Problem to work on: Only the lines of the listing below that run from the line with "White Flowering Jasmine" through the line with "令和7年度(2025年度)進路講演会の様子" are to be set down, word for word. Pictures stay out.

Data for review:

Content starts

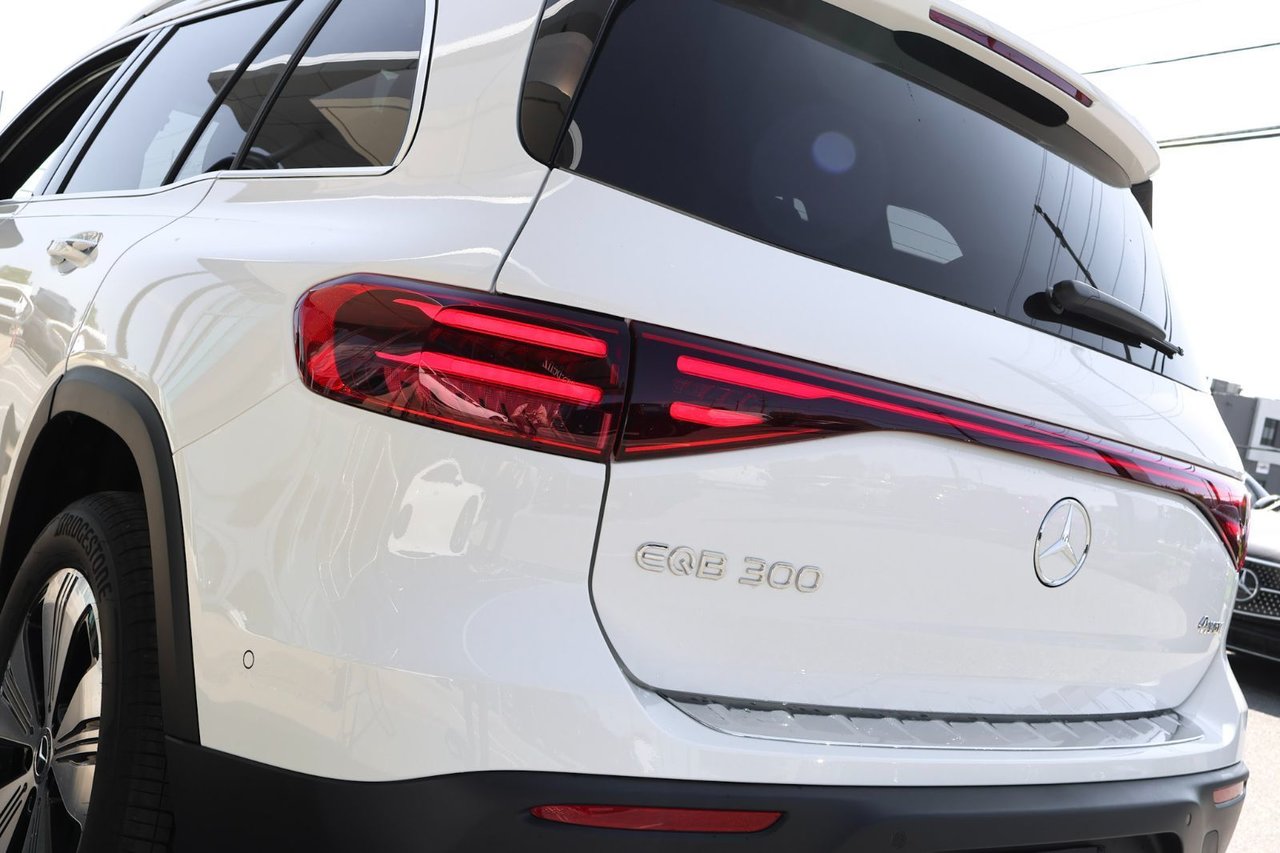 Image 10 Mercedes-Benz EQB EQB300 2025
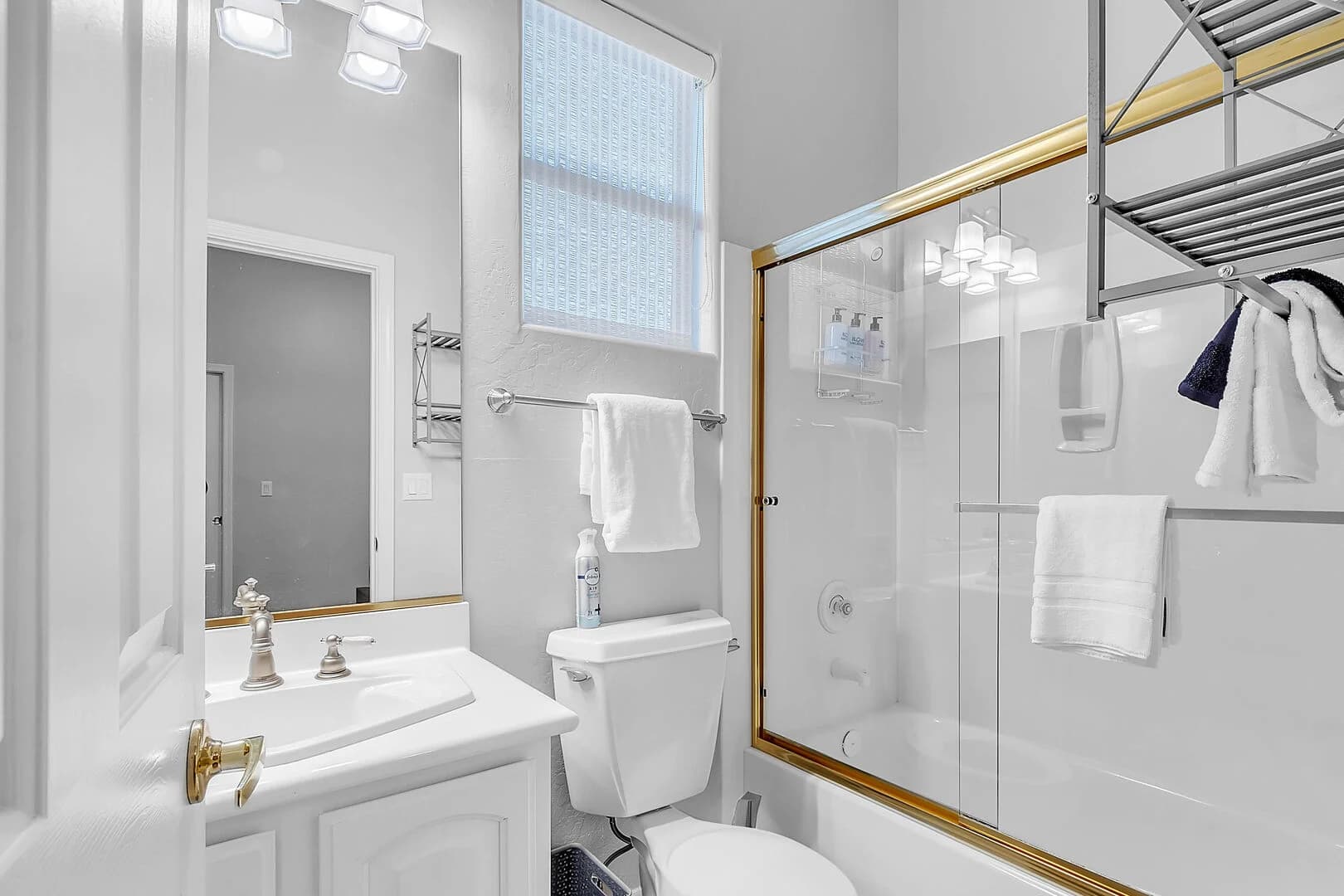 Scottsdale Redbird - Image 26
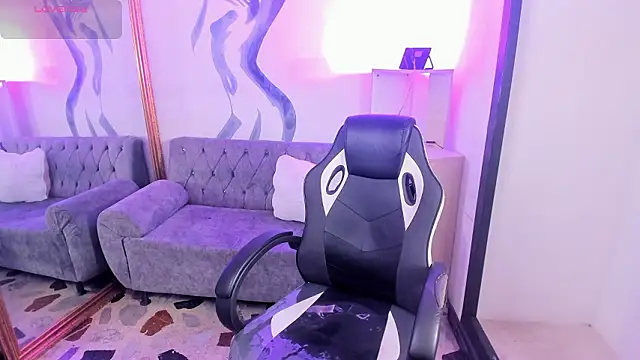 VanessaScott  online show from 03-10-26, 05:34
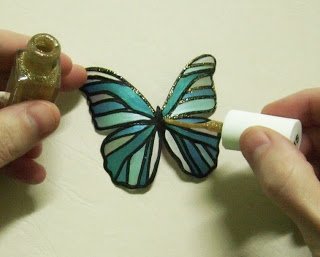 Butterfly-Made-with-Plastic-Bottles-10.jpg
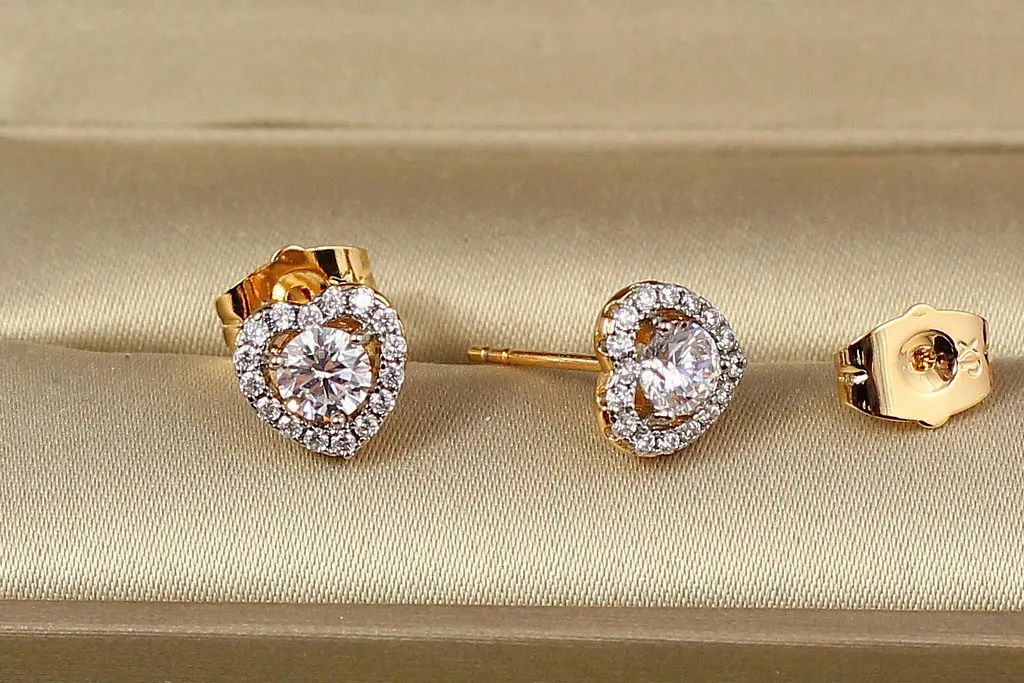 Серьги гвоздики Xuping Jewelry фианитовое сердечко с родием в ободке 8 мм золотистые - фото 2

Content ends
Content starts

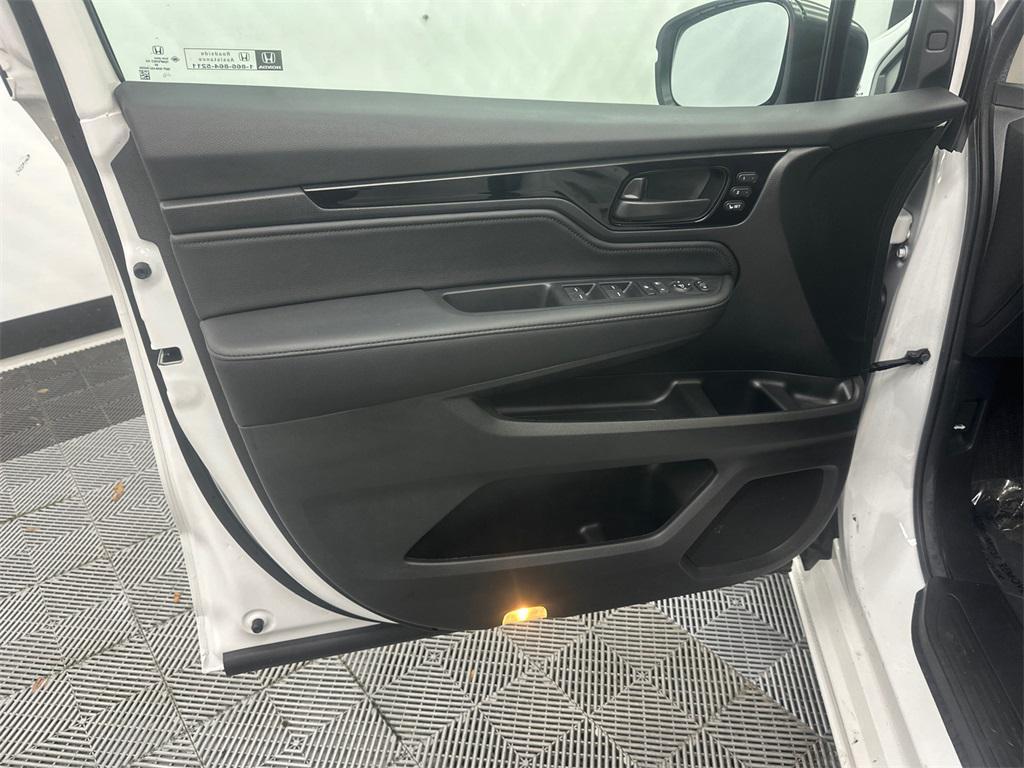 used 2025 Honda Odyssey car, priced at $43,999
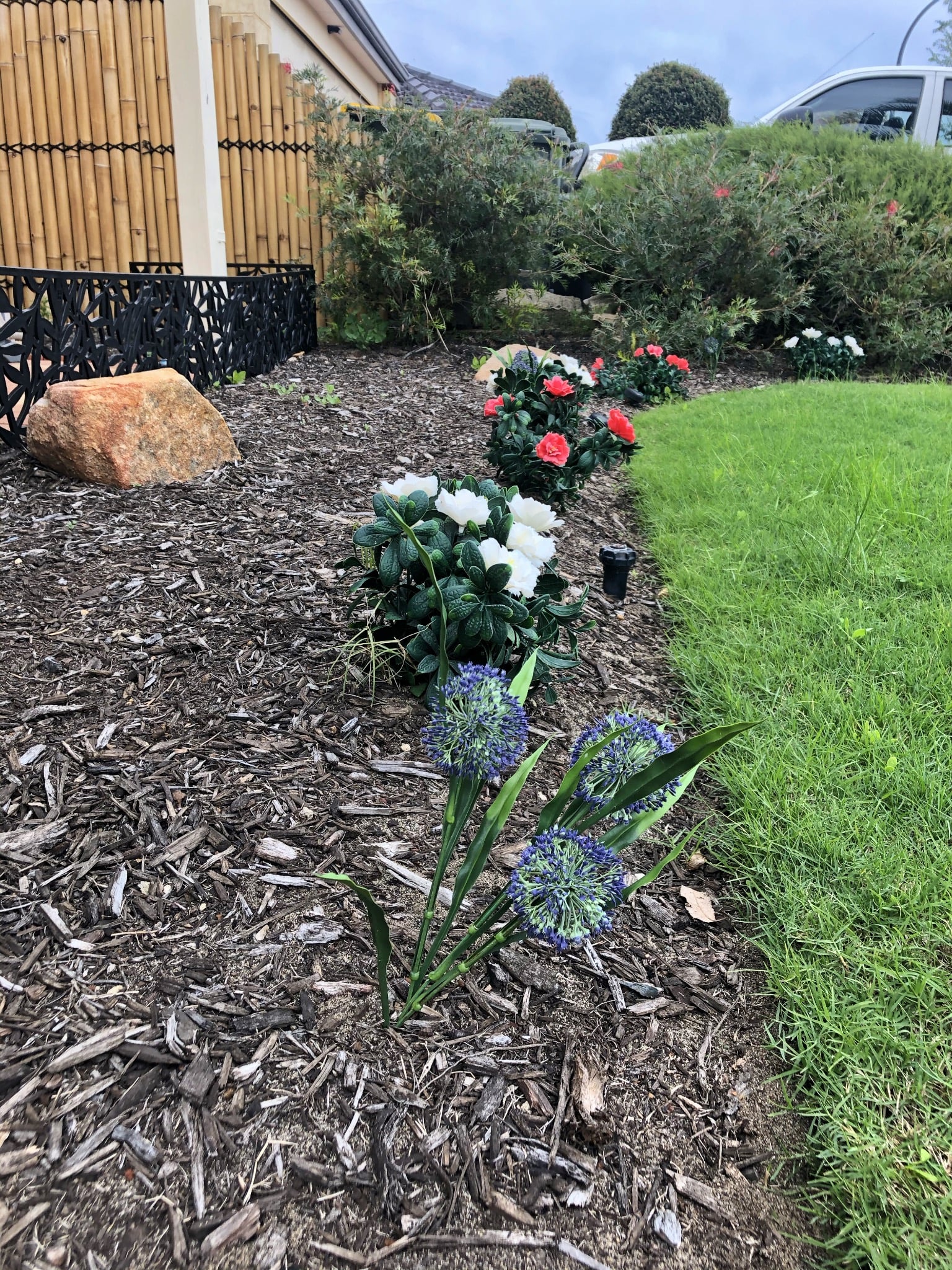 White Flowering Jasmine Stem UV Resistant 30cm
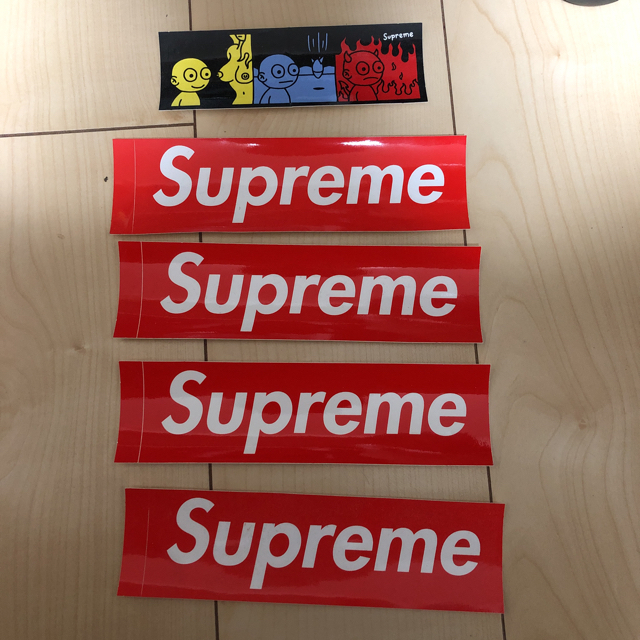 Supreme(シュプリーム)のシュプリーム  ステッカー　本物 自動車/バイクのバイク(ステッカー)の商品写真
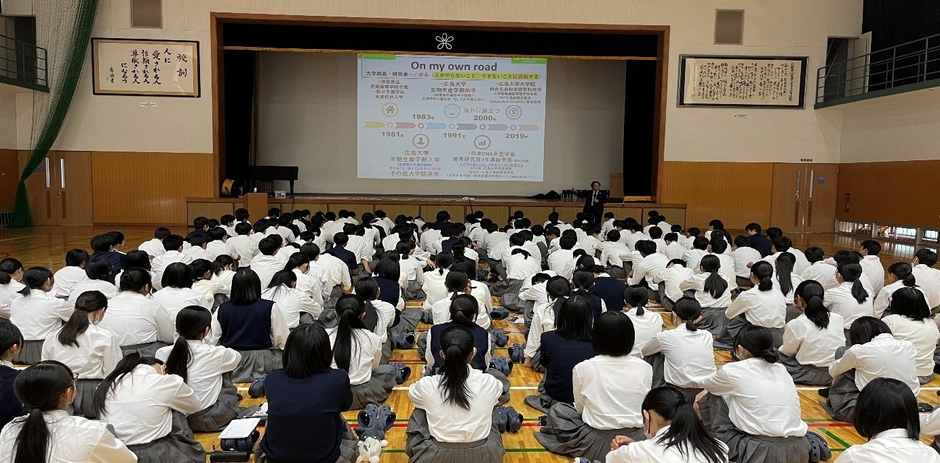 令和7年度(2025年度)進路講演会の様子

Content ends

Response to the exercise:
 White Flowering Jasmine Stem UV Resistant 30cm
 Supreme(シュプリーム)のシュプリーム  ステッカー　本物 自動車/バイクのバイク(ステッカー)の商品写真
 令和7年度(2025年度)進路講演会の様子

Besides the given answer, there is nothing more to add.